# Zeigt her eure Kühlschränke



## LeWhopper (23. April 2011)

Der *große* Kühlschrankthreat


Sooo ich seh hier immer Threads von "Zeigt eure Zockerecken" oder "Haustiere" oder "Desktops"

Aber wie siehts bei euch eigentlich Kühlgerättechnisch (nicht nur Kühlschränke sind erlaubt) aus? (Kann man ja auch mit einem du bist was du isst kombinieren  )

Soo fangt ihr schon mal an. Bilder reich ich gleich noch nach 

Edit:

Soo hier sind Sie. Entschuldigt die schlechte Qualität aber ich hab leider nur das Handy grad zur Hand.

Normaler Kühlschrank:



			Dieser Inhalt steht nur eingeloggten Mitgliedern zur Verfügung.
        



Keller Kühlschrank: (Komischerweise verschwinden da immer Sachen raus)
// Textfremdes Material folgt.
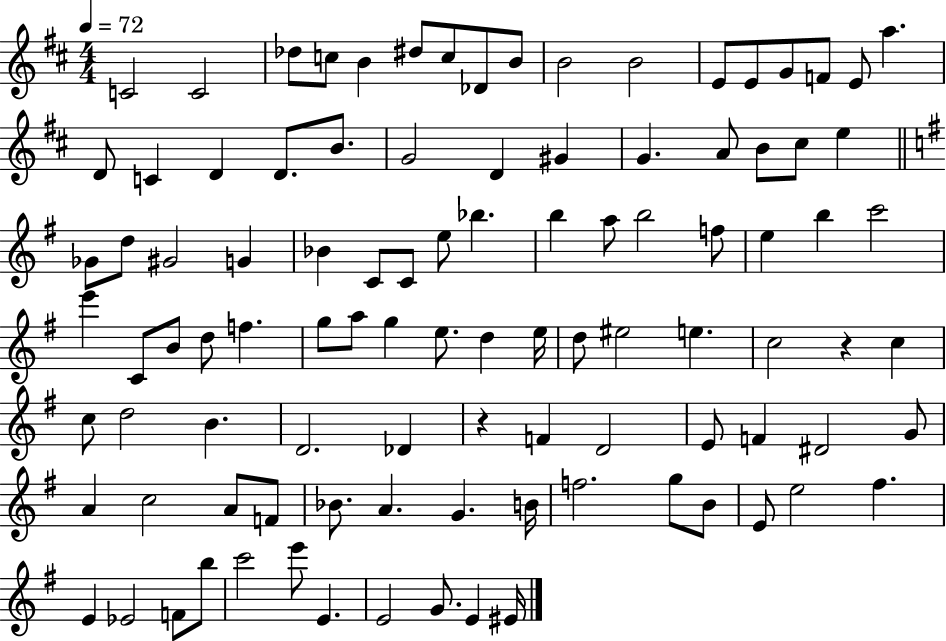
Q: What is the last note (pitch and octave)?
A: EIS4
			Dieser Inhalt steht nur eingeloggten Mitgliedern zur Verfügung.


----------



## Carcharoth (23. April 2011)

Von aussen oder von innen?


----------



## LeWhopper (23. April 2011)

Carcharoth schrieb:


> Von aussen oder von innen?



Innen mit offener Tür aber Bilder lad ich jetzt hoch^^


----------



## Potpotom (23. April 2011)

LeWhopper schrieb:


> Innen mit offener Tür aber Bilder lad ich jetzt hoch^^


Innen mit geschlossener Tür hätte was... *g


----------



## LeWhopper (23. April 2011)

Potpotom schrieb:


> Innen mit geschlossener Tür hätte was... *g



Lässt sich sicher Organisieren. Mit Selbstauslöser vielleicht oder wenn er Durchsichtig ist.


----------



## Carcharoth (23. April 2011)

Erinnert n bisschen an 241543903


----------



## Konov (23. April 2011)

Die Dosen-Regimenter an Dr. Pepper Cola im Kellerkühlschrank gefallen mir


----------



## Bloodletting (23. April 2011)

3 Dosen Thunfisch. <3




			Dieser Inhalt steht nur eingeloggten Mitgliedern zur Verfügung.


----------



## Potpotom (24. April 2011)

Sachtma.... hungert ihr? Die sind ja alle leer.


----------



## Sam_Fischer (24. April 2011)

Das ist halt richtiger Männer Kühlschrank, nur das nötigste drin. (Bier)


----------



## H2OTest (24. April 2011)

Schonmal 2 positive Aspekte  V+E und Mountain Dew


----------



## Konov (24. April 2011)

Potpotom schrieb:


> Sachtma.... hungert ihr? Die sind ja alle leer.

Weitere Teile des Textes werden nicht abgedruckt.